An Overview of the Hasty Pudding Cipher


Rich Schroeppel & Hilarie Orman
rcs@cs.arizona.edu
July 1998

While we are all waiting for NIST to uncloak the new Advanced
Encryption Standard, we've cooked  up a tasty morsel: the Hasty Pudding
Cipher (HPC) is fast and flexible, and provides strong security.  A
bottle of Dom Perignon to anyone who cracks the cipher!

This is a public domain method with no known patents.  The code is not
copyrighted.

Hasty Pudding is a variable length block cipher.  The block size may
be *any* number of bits,  even fractional bit values are permitted.
The arbitrary block size means that anything can  be encrypted without
expansion.  It also means that large data units (files, email
messages,  etc.), if encrypted as single blocks, can have encryptions
that interrelate all of the constituent bits, not merely those that
are in contiguous 64 bit blocks, for example.

The key size may be any whole number of bits; the key space is larger
than any measure of the physical universe.  It is possible to use a
long-term key, with key lifetime not limited by the "amount of
material protected by one key" restriction.  Of course, other lifetime
limitations will still apply -- keys can be stolen, or leak, etc.

Hasty Pudding is fast, achieving 100 megabits per second on 1000-bit
blocks on a 233 MHz DEC Alpha.  The cipher works best on 64-bit
architectures, but runs acceptably fast on 32 bit machines.  For RISC
architecture machines, such as the Alpha, the cipher is remarkably
conservative of instruction usage: on the Alpha it uses about 20
instructions and 2-3 memory references per byte of input plaintext.

The Hasty Pudding Cipher has a security feature applied to each
datablock, the *spice*.  It may be regarded as a secondary key that
need not be concealed.  Use of the spice offers one of the
advantages of cipher block chaining mode (CBC), because the spice can
be changed very cheaply for each block encrypted,  yielding different
ciphertext even when the plaintext remains constant.  Spice offers an
advantage of over CBC, though, because the spice can be generated
quickly and used for parallel encryption of several blocks at once.

The cipher is fast enough to be used for many distributed system
application, such as video multicast, virtual memory for diskless
client machines, and encrypted file systems.  Interestingly, random
access is well supported, because each record (or file block) can be
encrypted with a different spice, perhaps based on block number or
customer account number.  For structureless text files, the block
number could be used as the spice.  Because there is no expansion
(ciphertext size is always identical to plaintext size), and no CBC
problem, a new block can be written over an old one without the
block-to-block chaining problem that CBC has.

The architectural dependencies of the cipher speed are minimal.  A
RISC machine with 64 bit registers and 64 bit memory operations, a
first-level data cache of at least 10K bytes, and an instruction cache
of at least 8K bytes will have the best performance, but similar 32
bit architectures will have acceptable performance as well.  The
cipher is quite miserly in its occasional use of multiplication and
other expensive instructions.  Pipeline busting conditional branches
are rare.

The disadvantages of the cipher include its complexity and resulting
use of a large amount of instruction memory.  Another disadvantage for
power-limited processing environments is its use of RAM: for each key
it requires 2K per blocksize range, and there are 5 blocksize ranges.

Performance Considerations

The highest speeds are for blocks of length 64 bytes and up.

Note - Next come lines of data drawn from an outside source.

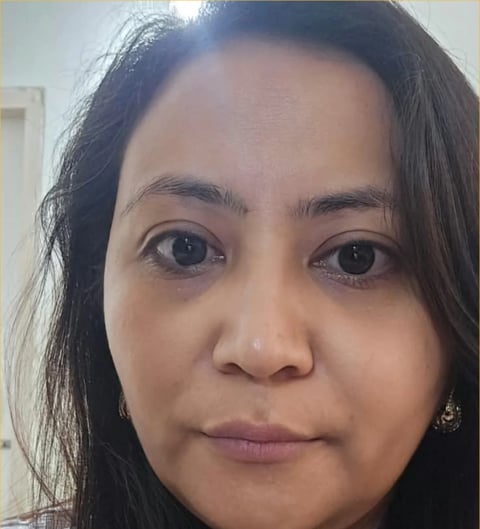 Close-up portrait of a woman with long black hair and dark eyes looking directly at the camera in an indoor setting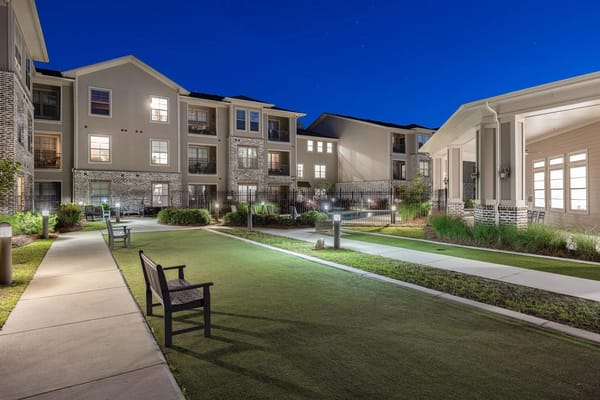 Outdoor space with benches and pathway at night.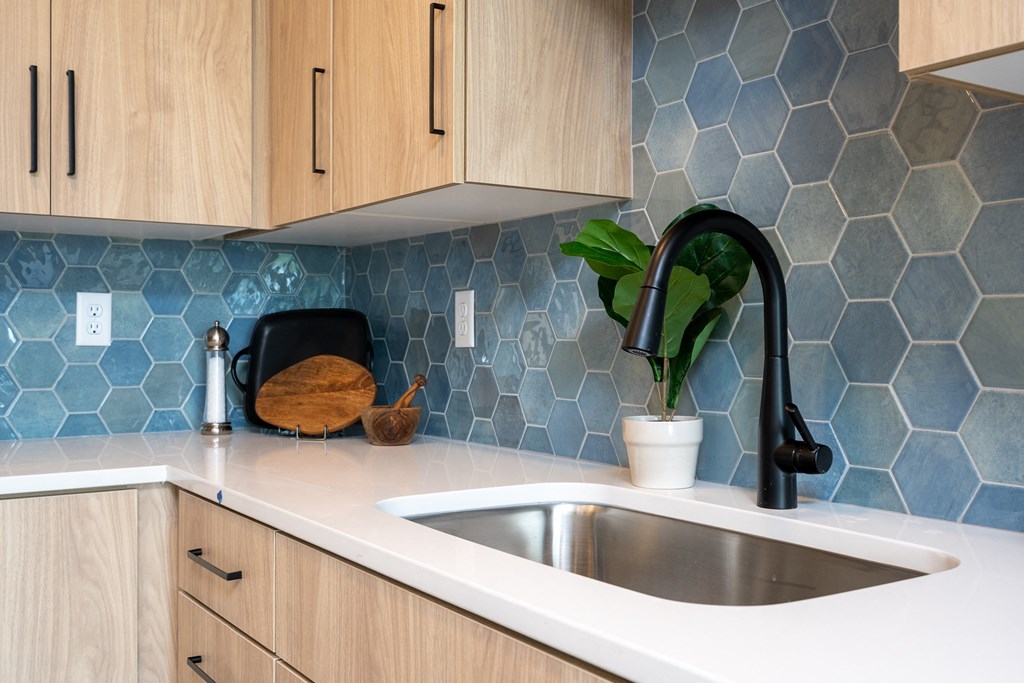 a kitchen with blue tiles on the wall and a sink
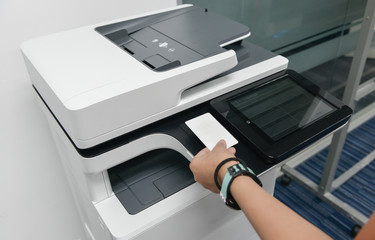 Business woman hand is using smart card with printer to printing document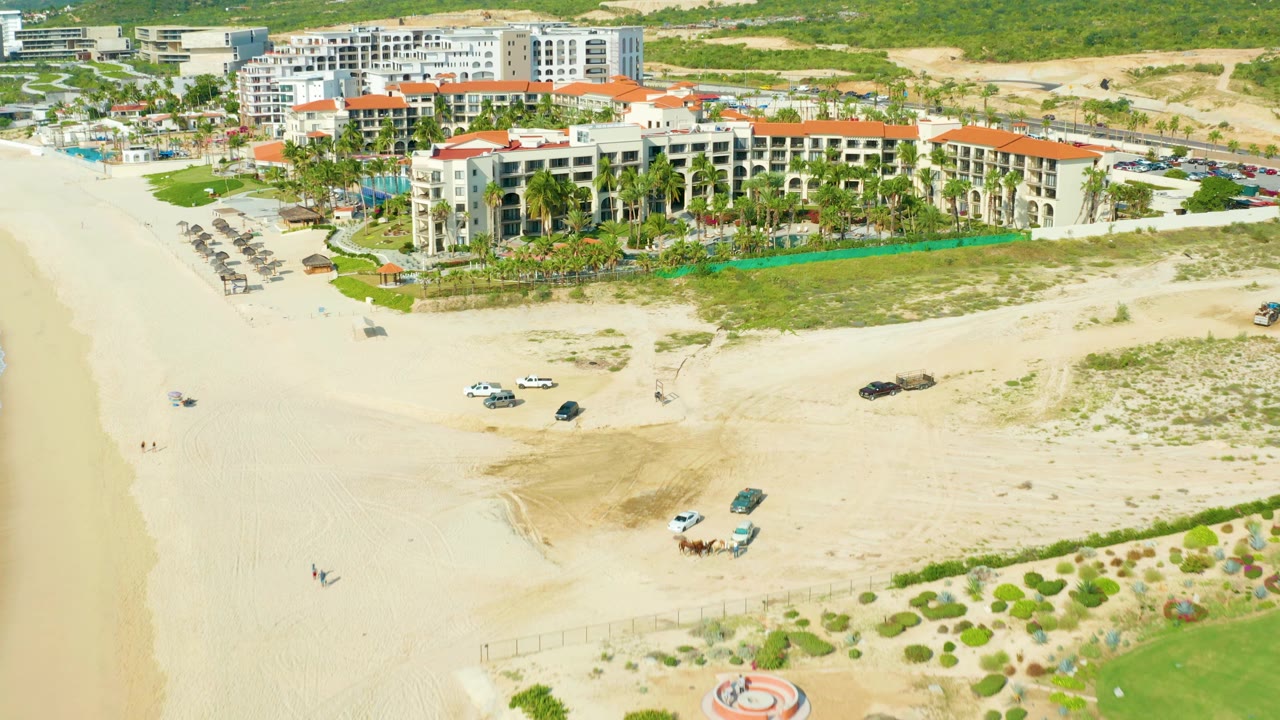 Closer aerial angle on the resort with umbrellas along the beach and ocean at left.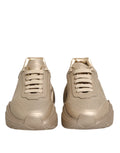 Chaussures sneakers Daymaster pour femmes en cuir doré Dolce & Gabbana, style élégant et moderne.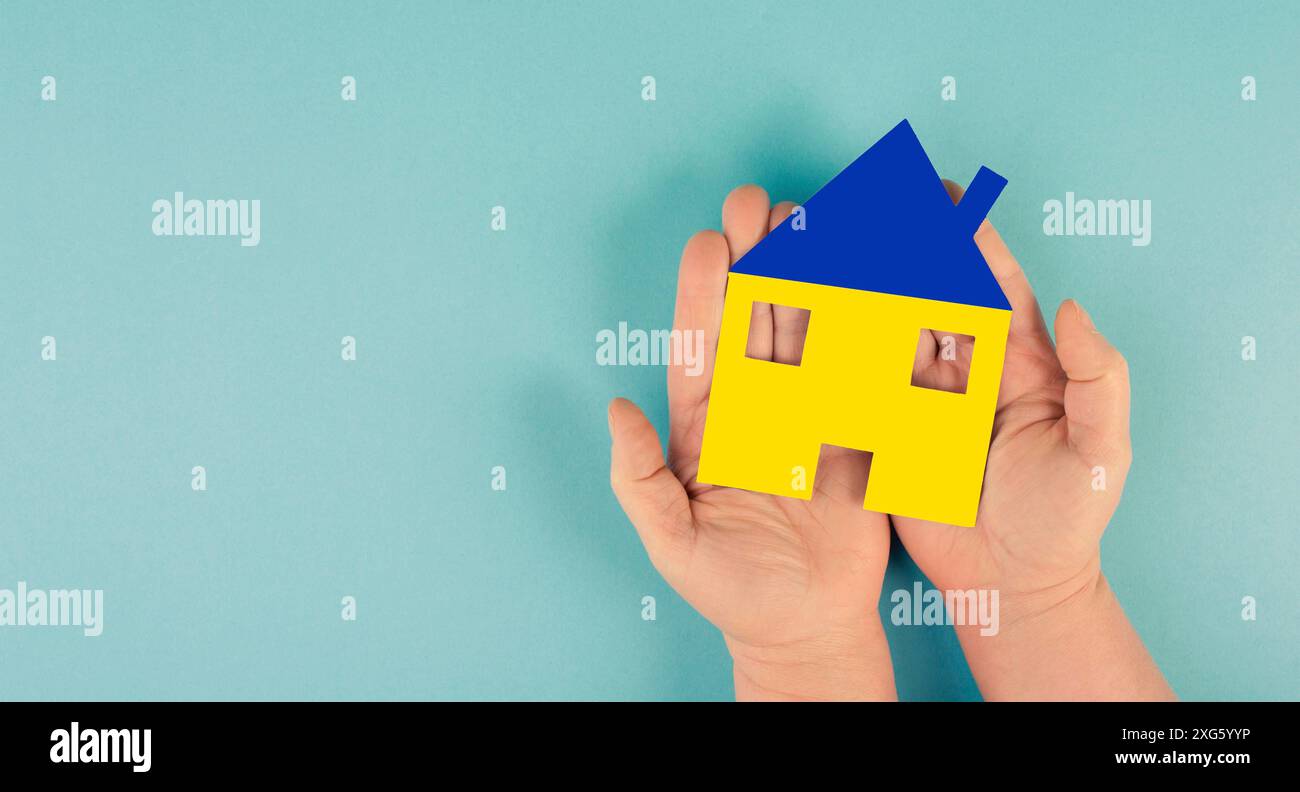 Ein Haus in der Hand mit den Farben der ukrainischen Flagge halten, Heimat für Flüchtlinge aus der Ukraine, Hilfe für Familien Stockfoto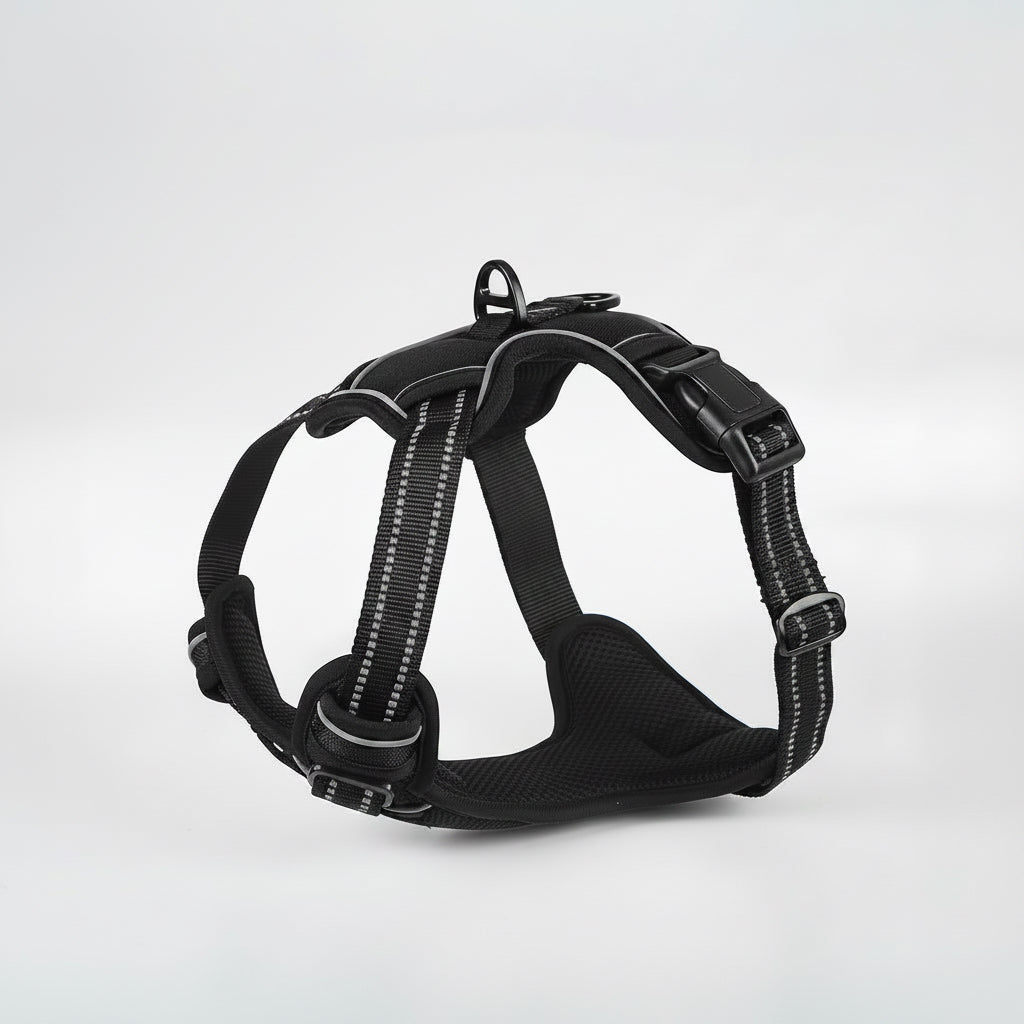Black dog harness with reflective stripes on a white background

The
shorter blocksizes are slightly slower.  The speed for single bits is
much slower but still compares favorably with other methods.  In
actual practice, cipher speed is important for bulk encryption, but
less important for small data units, because the cost of processing
small blocks is generally dominated by application service
requirements (parsing, computation, disk access, etc.).  Thus, HPC is
engineered to be fastest where speed counts most.

The extra effort to safely include the spice impacts noticeably on the
time for short blocksizes; even if the spice is removed, the cipher
remains sluggish.  A user merely needing to encrypt single bits might
instead choose to encrypt 64 bits of zero at a time, thereby obtaining
64 bits to XOR with the target.

Because the cipher accesses the datablocks at random, very large
datablocks (e.g. one million 64 bit words) may cause translation
lookaside buffer misses that cause the performance to degrade
slightly.

The code size might exceed the size of the on-chip cache for some
architectures; this will have an adverse effect on performance.

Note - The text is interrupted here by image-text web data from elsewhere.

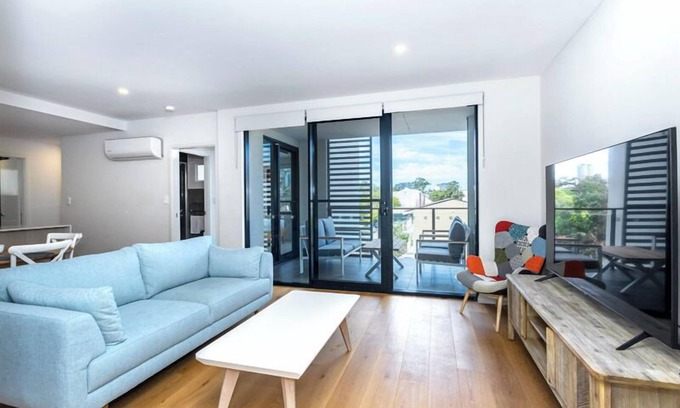 Leederville Apartment | Rooftop Sky Lounge has a daybed, tables and stools, a lounge area with a big screen TV and a grassed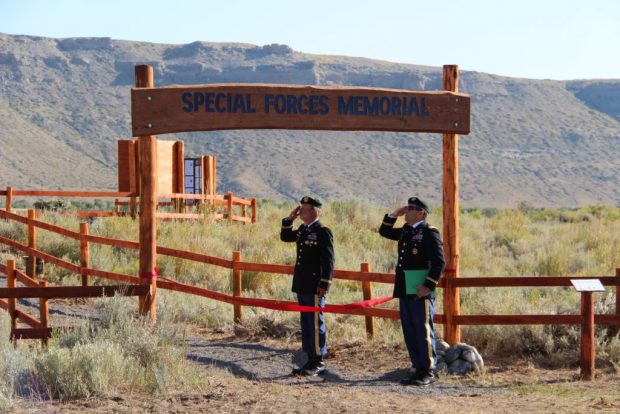 Special Forces Chief Brian Bewley & Major Paul Rosser salute. (Photo: Alex Quade)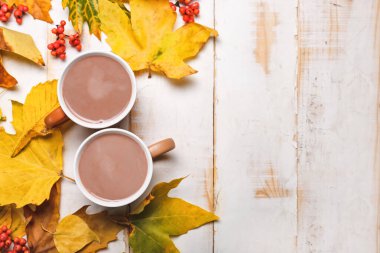 Beyaz ahşap arka planda sonbahar yapraklı sıcak kakao içeceği.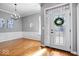 Elegant foyer with hardwood floors, a decorative chandelier, and a glass-paneled front door with sidelights at 17279 Crescent Moon Dr, Noblesville, IN 46060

When implemented on a 32-bit computer architecture, the speed will be
greatly affected by the operations that add, shift, and rotate,
because the testing for carry bits will cause the instruction pipeline
to stall.

The running time of the algorithm depends on several usage factors,
one of them being the length of the spice.  If the spice is shorter,
the algorithm will run faster.  This offers opportunities for
fine-tuning the speed of the algorithm to the security requirements of
the application.

When the cipher is used for encrypting data values that have a domain
size that is not a power of two, the running time of the algorithm is
probabilistic.  This is due to the method that Hasty Pudding uses for
mapping from the domain to a cipher range that is nearly equal in
size: encipherments are generated in a larger domain until a value
within the domain appears.  This assures that the cipher values have a
uniform range, the same as the plaintext domain values.  However, the
variance in the running time may not be acceptable for hard deadline
applications.

The five key expansion tables needed for each key imply that a data
cache of at least 10K bytes is normally required.  For specialized
applications, utilizing only one block size, only a single 2K table
need be generated; this reduces instruction space usage as well.  The
fractional bit techniques might also be dropped in some cases, further
reducing the instruction memory requirements. 

Design Considerations

Though this is a "kitchen sink" cipher, using many disparate tricks,
the irregularity has its advantages.  It prevents differential
cryptanalysis and makes linear analysis hard.  The analysis is harder
for both the good guys and the bad guys.  Even in the event of
practical quantum computing methods emerging in the future, Hasty
Pudding is likely to fare well because of its ad hoc design
complexity; it may well have too much state to represent in any
realizable quantum machine.  On the other hand, this complexity means
that the cipher cannot be represented compactly for today's computer
architectures, either, and the cipher will have a large instruction
footprint.

A design goal for the cipher is to have triple diffusion: one bit of
change in data or spice propagates three times through the cipher
state, changing every bit.  Some of the subciphers have diffusion
near five.  The extended-length subcipher has diffusion two, but
is compensated by the mixing rounds.

The Cipher uses the non-linearity of addition and exclusive OR to
achieve mixing of the bits.  The key expansion memory serves as an
additional non-linear function, mapping 8 bits to 64 bits.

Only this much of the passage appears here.